You may be saying to yourself, "This is really bad, but why is it an education policy issue?" Two reasons: First, it has been well-established that sexual violence prevention and adjudication is a Title IX responsibility at the college level. Second, over 40% of rapes occur before the victim is 18, and although I don't have the figures handy, it feels safe to assume that adding sexual violence on college campuses would push the percentage over 50% by the end of college. Given that the overwhelming majority of victims know their attackers, the victims and attackers are often peers and classmates.
So preventing and handling sexual violence is an educational issue, but I'm not sure we (and Title IX) are getting the mechanisms and remedies 100% right. The K-12 focus of Title IX has been largely sports-related, and there just isn't much sexual violence prevention out there.

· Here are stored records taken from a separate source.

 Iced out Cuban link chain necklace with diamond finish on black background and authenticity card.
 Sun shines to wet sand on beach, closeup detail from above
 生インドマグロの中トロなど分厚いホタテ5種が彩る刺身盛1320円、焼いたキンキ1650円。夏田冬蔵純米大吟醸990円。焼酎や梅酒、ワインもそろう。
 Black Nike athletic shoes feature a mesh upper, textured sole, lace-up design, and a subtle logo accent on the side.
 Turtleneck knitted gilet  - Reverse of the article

I completely understand the logic here: If I were a superintendent, I'd want the law enforcement system to handle these crimes, and I'd worry that, if I had a large-scale prevention program in place, I'd be acknowledging that these sordid acts are occurring. But they are occurring, a lot, and the overloaded law enforcement system isn't about to implement large-scale, K-12 prevention programs.
Like it or not, our middle and high schools need to step up to the plate, acknowledge the scope of the problem, and improve prevention efforts. As one college Title IX officer once observed, "People don't become serial rapists the first day they get to college. It starts way before then." She's almost certainly correct, and that's why the Title IX focus in K-12 education has to broaden from "mostly about sports" to "sports and violence prevention." Check out this short BBC story on why prevention matters.
At the college level, I'm not sure what we need to change, but we clearly need a different approach: The stories that currently flood the media are heart-wrenching, and my personal experiences lead me to believe they are only the tip of the iceberg. For heaven's sake, one of our most esteemed universities (and one of my alma maters) appears to have a long-term problem with gang rapes. How the $%^# did we let this happen?
Here's an admittedly simplistic proposal that may help: Rethink the mechanisms for Title IX that deal with sexual violence in college. Require universities to have comprehensive prevention programs in place, and require them to document the effectiveness of those programs (so we're talking about more than a one-hour lecture during orientation). In other words, let universities educate. But stop requiring them to adjudicate these cases. We'd never expect a university to "handle" a murder case, and the preponderance of evidence suggests that universities aren't doing a good job "handling" sexual and intimate partner violence. Universities don't have the resources to create a shadow justice system for extremely serious, violent crimes, yet we currently require them to do so. Is it any wonder that victims continue to come forward with stories of how they were counseled by university staff not to file complaints?
Of course, the criminal justice system is hardly doing a great job with sexual violence crimes, but it can't do much worse than many universities. Let's let the criminal justice system handle the crimes, freeing up our K-20 institutions to focus tightly on working with victims, prevention, and changing the culture that considers sexual violence to be inevitable. Not doing so will allow the current situation to continue, one in which families send their daughters to college and pray they don't get the call in the middle of the night. That's the stuff of nightmares, and that's our current reality.
I warned you this was going to end in a dark place.